Are you anticipating mines, IEDs, or a complex ambush in Greene County? What is composition and disposition of the threat that you face?
If you are trying to demonstrate security and safety to your citizens, you have failed. pic.twitter.com/AKJiCr2rHv
— GlycerineGrey1886 (@GGrey1886) April 12, 2019
Will this be used against the rising number of hate groups in TN? https://t.co/Hi3SSONb77
— Robert Garrett Williams (@Williams4TN) April 12, 2019
— Daniel A. Horwitz (@Scot_Blog) April 12, 2019
I suppose if radicalized Iran-backed Appalachian insurgents start planting IEDs along Shiloh Rd between Tusculum and Greeneville, they’ll be ready?
— Todd Breasseale (@TBreassealeDHS) April 12, 2019
According to its application submitted to General Services, the sheriff’s department intended to use the MRAP for SWAT response, including for barricaded suspects, during active shootings and for natural disasters.
Holt pointed to a police shooting Sunday that left two Greeneville Police Department officers injured after exchanging fire with a suspect inside of an apartment.
“We could’ve took this armored vehicle over there and pulled right up to the front door and kept our officers safe inside that armored vehicle,” Holt said.
Records show the sheriff’s department applied in 2016 for the MRAP and two military cargo trucks. The department already had three Humvees and three road tractors in its fleet.
Dave Roberson, director of communications for General Services, said 61 MRAPs have been placed with law enforcement agencies around the state.
State serves as military equipment liaison between feds, local cops
General Services’ Law Enforcement Support Office, known as LESO, is tasked with facilitating the transfer of surplus military equipment from the federal Department of Defense to local police and sheriff’s departments around the state.
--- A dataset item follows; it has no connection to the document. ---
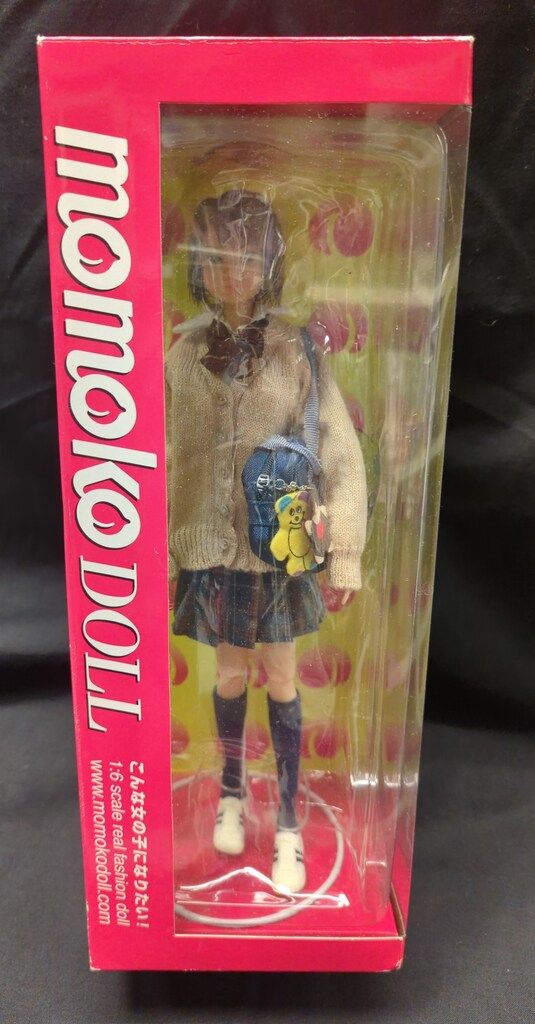 セキグチ momokoDOLL ソッコー下校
According to General Services’ summary of the law enforcement equipment program, there is “special emphasis given to counter-drug and counter-terrorism” initiatives.
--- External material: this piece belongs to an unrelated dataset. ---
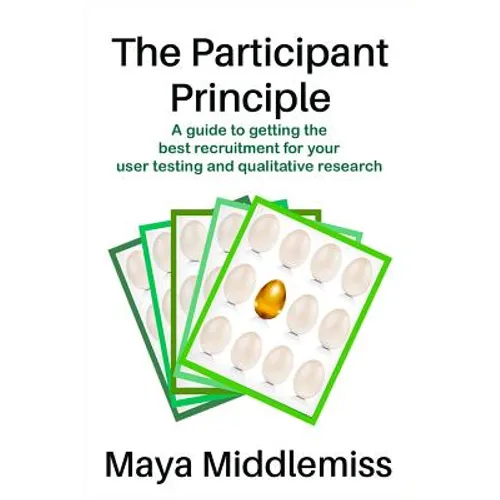 The Participant Principle - Paperback
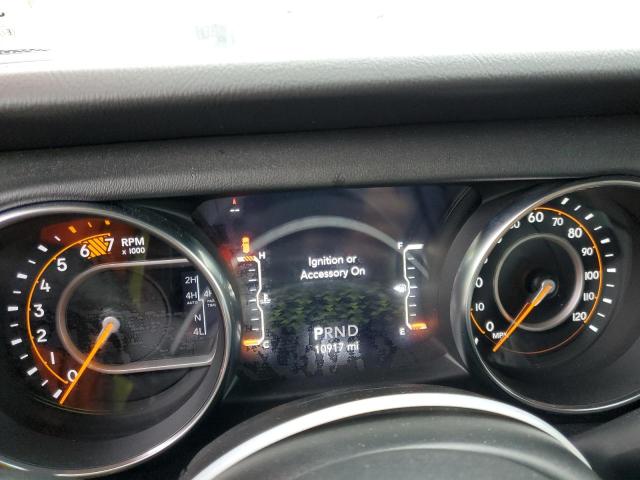 1C4HJXEN5MW782828 - 2021 JEEP WRANGLER U SAHARA BLACK photo 9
The cost of participating in the LESO program ranges from $400 to $1,000 annually, depending on the size of the police department or sheriff’s office.
Holt said the program offers helpful equipment that improves officer safety. The MRAP is kept locked away in the county’s secure transportation facility.
“It’s not like we’re militarizing the police,” Holt said.
“The way I look at it, it’s bringing our tax dollars that’s already been spent by the federal government back to our county to use.”